I attended the Moodle Moot on the 2nd and 3rd days. I was there as Turnitin’s guest, presenting with them on the benefits and practicalities of upgrading to Feedback Studio, but had plenty of time to hear other talks. Below are brief summaries of those with most relevance.
Moodle assignment improvements
You can now add user (or group) overrides in assignments, just as you previously could in quizzes. That allows you to add an extension or extra time for individuals.
Using the Moodle app it is easier to work offline. Students can add assignments while offline, which will then be uploaded once they are online. Staff can also mark offline (note – this is for Moodle assignments only, not Turnitin. The latter can only be marked offline using the Turnitin app on an iPad).
In Moodle 3.3 (not yet released, likely to be used in Kent’s version towards the end of 2017), more documents will be supported, including Google docs, and comments made in marking will be collapsible.

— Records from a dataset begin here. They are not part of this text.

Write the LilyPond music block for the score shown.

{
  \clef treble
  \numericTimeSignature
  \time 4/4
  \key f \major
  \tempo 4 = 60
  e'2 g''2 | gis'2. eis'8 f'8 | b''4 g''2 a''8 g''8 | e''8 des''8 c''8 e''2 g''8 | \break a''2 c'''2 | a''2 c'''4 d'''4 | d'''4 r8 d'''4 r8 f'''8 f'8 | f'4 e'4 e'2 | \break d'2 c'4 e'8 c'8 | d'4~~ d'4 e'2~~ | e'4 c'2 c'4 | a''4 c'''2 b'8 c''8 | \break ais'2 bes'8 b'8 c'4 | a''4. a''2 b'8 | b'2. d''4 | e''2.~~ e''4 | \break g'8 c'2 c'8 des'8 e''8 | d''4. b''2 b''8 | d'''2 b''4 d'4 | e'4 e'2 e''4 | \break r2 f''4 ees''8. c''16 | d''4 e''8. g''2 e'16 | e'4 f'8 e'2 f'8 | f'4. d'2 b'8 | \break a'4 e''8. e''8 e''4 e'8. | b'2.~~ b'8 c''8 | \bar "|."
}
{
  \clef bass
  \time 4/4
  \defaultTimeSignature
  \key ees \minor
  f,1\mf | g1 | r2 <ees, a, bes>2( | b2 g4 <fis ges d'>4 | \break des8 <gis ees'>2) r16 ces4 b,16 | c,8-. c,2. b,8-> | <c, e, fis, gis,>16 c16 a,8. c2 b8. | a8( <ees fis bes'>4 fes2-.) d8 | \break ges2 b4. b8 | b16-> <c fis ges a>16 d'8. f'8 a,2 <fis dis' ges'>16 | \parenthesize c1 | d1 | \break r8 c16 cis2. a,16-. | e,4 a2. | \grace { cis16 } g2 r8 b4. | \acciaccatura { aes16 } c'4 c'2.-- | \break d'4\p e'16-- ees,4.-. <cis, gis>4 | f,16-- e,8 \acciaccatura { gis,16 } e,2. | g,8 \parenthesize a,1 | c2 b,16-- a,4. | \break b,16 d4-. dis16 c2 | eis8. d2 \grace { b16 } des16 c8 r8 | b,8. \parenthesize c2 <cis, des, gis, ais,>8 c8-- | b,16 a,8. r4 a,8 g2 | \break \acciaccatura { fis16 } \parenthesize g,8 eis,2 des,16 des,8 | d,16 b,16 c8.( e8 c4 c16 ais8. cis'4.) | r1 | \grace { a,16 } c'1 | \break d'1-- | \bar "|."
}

A development to come in future versions of Moodle (specific info not yet available) will allow a student dashboard, giving easy access to (for example) assignments which are due. It should also allow quick access to the most recently uploaded documents, without preventing students accessing courses in the usual way.
Tips in designing online content
The Good Moodle Guide gives some Kent-specific guidance. Various speakers gave advice, some more relevant to distance education, but some ideas worth considering:
- Show students where they are. Marking what is completed and what is to be done next is relatively straightforward by ordering items on the page, and switching on ‘activity completion’. At its most basic, students manually mark an activity as complete when they want, allowing them to quickly see which document is next to read.
- Drip-feed content. People are used to short articles on the web. This is not the same as stripping out content – there should still be lots of information, but presenting it in short sections where possible will aid navigation and understanding.
- ‘Ask the tutor’ online chat times are useful, or forums can provide a similar discussion mechanism asynchronously.
The company are currently trying to align their development with the future needs of HE (and other) customers, recognising that assessment is a hot topic and methods may be changing.
They recognise the demand for blind-double marking and other interface improvements, and their developers are working on improving their offer.